The Hubble Space Telescope's newest images show a violent and awesome universe where stars far outshine our humble earth.

It's hard to look at the Omega Centauri image without thinking, We are not alone. How could we be? The universe is so flamboyantly abundant and huge and awesome. J. William Schopf, a legendary UCLA professor who studies the origin of life, says: "I find it really, really difficult to imagine that the universe is not teeming with life. I don't know about intelligent life, but I think there must be a bunch of that out there, too. Our star is a normal, main-sequence star, so there's nothing special about it. We live on a rocky planet that has a lot of liquid water, but the Earth is 98 percent just like Venus, except Venus is closer to the sun. And I think such planets must be very common. There's nothing special about us, as far as I can tell."
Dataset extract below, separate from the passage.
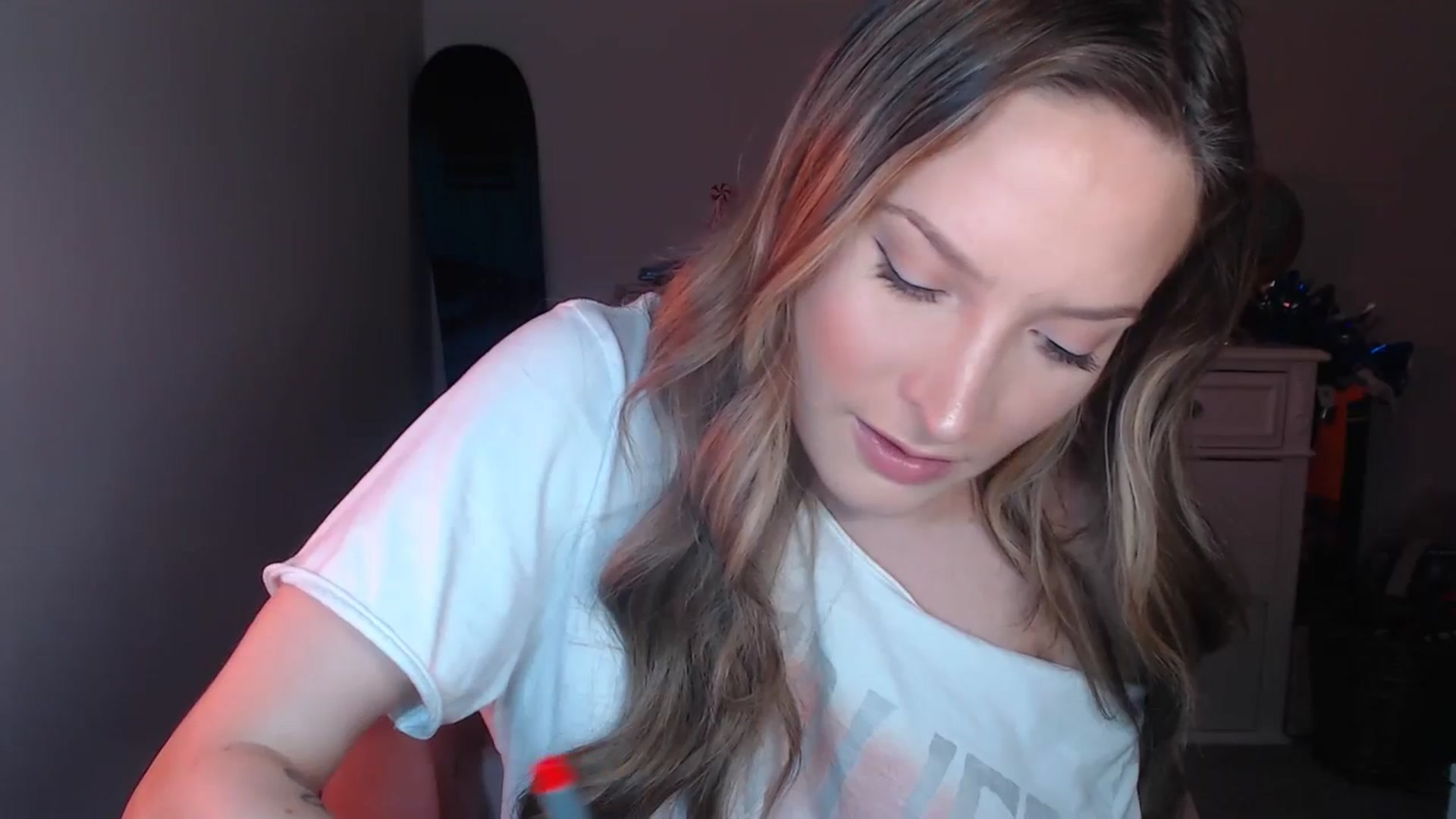 Gallery image thumbnail from AlexisWildest's myfreecams stream on, 12/04/2024, 24:02 image 10 of 20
This is a common sentiment among scientists. But there's a counterargument: There are a lot more ways to be dead than to be alive in this universe. In fact, when you look at all those stars in this globular cluster, you're looking at a patch of sky where life may never have taken hold. The stars are so close together that they would create a gravitational maelstrom that would prevent planet formation. Moreover, exploding stars would sterilize everything nearby.

"When you've gone to a globular cluster, you've gone to a not terribly good neighborhood," says Mario Livio, an astrophysicist with the Space Telescope Science Institute.

Earths aren't exactly a dime a dozen. Space all but screams at us: Take care of your planet, because you aren't likely to have a second chance. Our own solar system appears to be chockablock with dead worlds. Schopf's point about Venus can be turned around: This virtual twin of Earth is a furnace with temperatures at the surface of 800 degrees Fahrenheit. Mars may have had life once, but if there's any left, it's hanging by its alien fingernails.

Schopf's recitation of the Copernican Principle -- the realization that the universe doesn't revolve around Earth, that we're not in a special position -- can be extended even further: Not only is the universe not about us, the universe isn't necessarily about the thing we love most, which is life. Sure, the universe is filled with "vital dust" -- complex molecules that prime the pump for the possible emergence of living things. But the universe is also saturated with lethal radiation. Space is a harsh environment, in general. It would be wrong to see the place as preferentially biased toward habitability. There's lots of ice out there. Amazing rocks. It may be that God is a geologist.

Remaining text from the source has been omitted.